O hippie fêmea olhou para baixo, com um olhar de surpresa.
-Caraca! Você achou a minha cítara! Isso merece uma comemoração!
Geraldo olhou para Soares. Os dois sabiam o que isso significava.
-O que devo cantar?- ela perguntou, sorridente, torcendo o pescoço e segurando a cítara perto da orelha.
-Nada- os dois responderam em coro.
-Uma do Chico Buarque- respondeu o hippie macho- Pra comemorar a volta dele- adicionou.
-Excelente escolha!
-O que fazemos?- comentou Geraldo, com uma expressão de desespero tomando-lhe o rosto.
- VOCÊS TEM COMIDA?!- exclamou Soares, dizendo a primeira coisa que lhe veio à cabeça.
-Vocês estão com fome?- disse a hippie fêmea, tirando os dedos da cítara.
-Sim.
-Não!- disse Geraldo levantando as mãos ao nível dos ombros.
-Vai se fuder!
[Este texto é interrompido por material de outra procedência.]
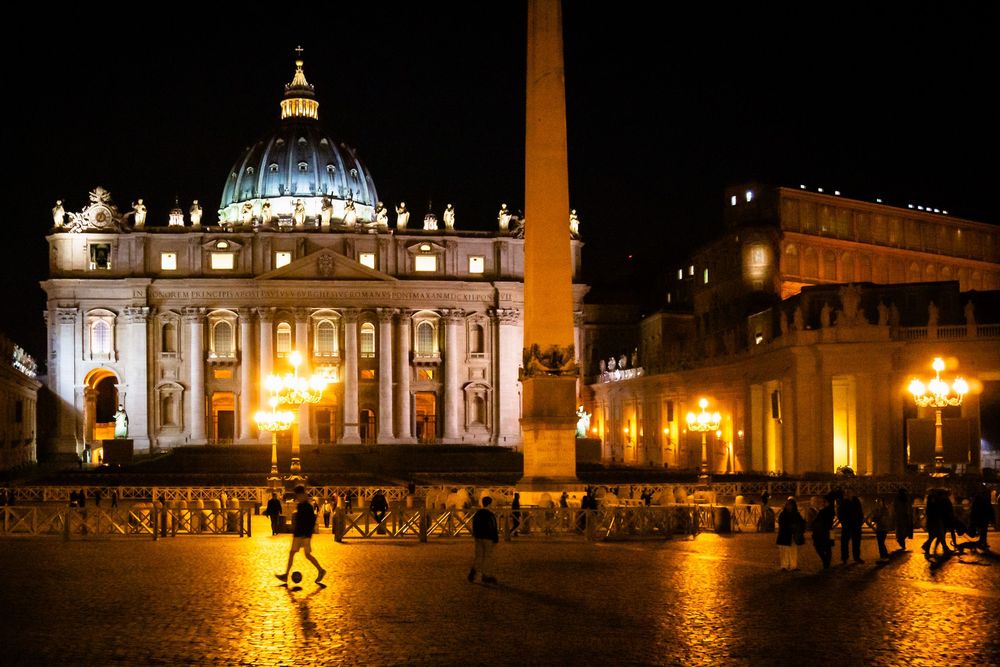 Night view of St. Peter's Basilica and Square in Vatican City illuminated by golden lights.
Tudo que eu comi na sua casa saiu na mesma hora!- disse Soares.
-Tem umas balinhas lá atrás- disse o hippie macho, ainda dirigindo, concentrado.
-Eu pego- disse Soares, se levantando, os pés afundando no colchão macio enquanto ele andava para a outra direção do carro, rumo às sacolas empilhadas no fundo, que iam até o teto.
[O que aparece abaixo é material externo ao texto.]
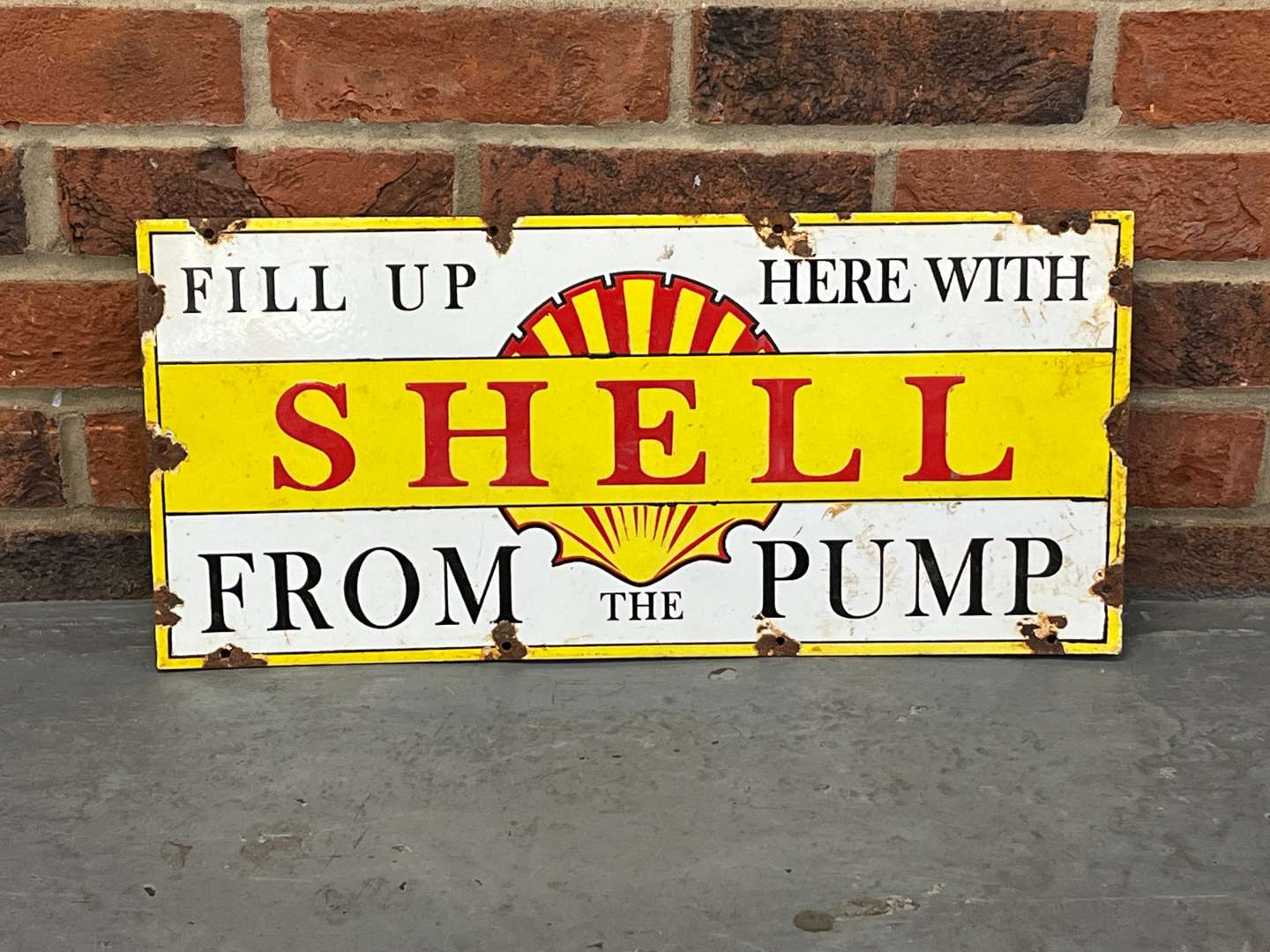 <p>Fill Up Here Wit Shell From The Pump Enamel Sign&nbsp;</p>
-É essa branca- disse a hippie fêmea, dedilhando na cítara.
-Mas... são todas brancas.
-Era a única cor que tinha.
-Certo- Soares pegou a primeira sacola que viu, e, olhando dentro, viu que continha balas. Puxa, que sorte.
-Ei galera, achei as balas!- exclamou.
Eram pequenos quadrados com o desenho do “S” do Super-Homem. Soares pegou um para si e jogou um para Geraldo.
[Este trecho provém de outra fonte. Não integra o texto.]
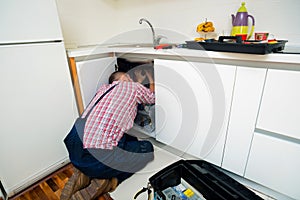 Handyman repair pipes on sink in the kitchen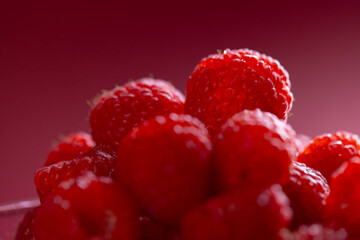 Micro close up of raspberries in glass bowl with copy space on red background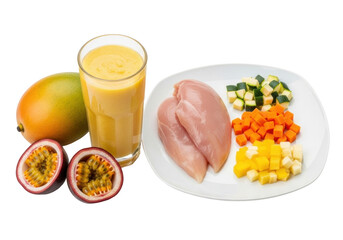 Isolated presentation of a mango smoothie, fresh fruit and raw chicken breast for a healthy meal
-Acho que é de chupar- disse Soares, colocando na boca. Era bom ter algo consistente no estômago uma vez que fosse.
A hippie parecia preocupada, e Soares chupou vigorosamente sua bala enquanto a fitava.
-Sabe, eu acho que você... não, deixa pra lá- disse ela, gesticulando, e olhando para baixo.
-O que que houve?- perguntou Geraldo.
-Não tenho idéia. Quer outra bala?
-Claro, está ótima.
Soares pegou mais uma bala do saco e jogou-a para Geraldo. Ao jogar a bala, percebeu que sua mão estava suada, grudenta. Os cantos estavam aderindo uns aos outros. Tentava descolá-los- tentava mesmo- mas não conseguia, e havia uma força invisível agarrando seus dedos e fazendo-os se colarem.
-Cara, minha mão ta zuada, digo, suada- vociferou Soares, caindo em seus joelhos.
-É normal nesse estágio- disse a hippie, pegando uma das balas do saco e botando na boca.
-Cara. Soares. SOARES!- exclamou Geraldo.
-O que foi?
-Não sinto minhas pernas.
-Isso é normal também- disse o cogumelo falante, tocando violino.
-Caralho cogumelo, você toca bem- comentou amigavelmente Soares, esparramando-se no colchão, cuja consistência tinha se reduzido ao de uma teia de aranha feita de pudim.
-PORRA SOARES, QUE PORRA É ESSA!- berrava Geraldo, em uma língua morta. Um dialeto do Klingon misturado ao suave mascar do chiclete por uma garota de escola católica.
A mão grande e insólita apareceu na frente de seu olhar novamente. Já não era mais suor nem grudeira, e sim pedaços de pele esparramada formando canais e tubos conectando partes diferentes, fechando os dedos, atraindo uns aos outros, formando uma massa amorfa.
-Gê, Gê, minha mão está derretendo, comentou a boca de Soares, que viajava pelo céu como uma vagina alada, e Geraldo respondeu
-Cara, cara, que parada é essa? O que nos deram de comer?- sua voz virava uma lamúria de Marlene Dietrich, convertendo-se em um flato verde e pegajoso que caia, sujando a imensidão branca daquele mar imenso.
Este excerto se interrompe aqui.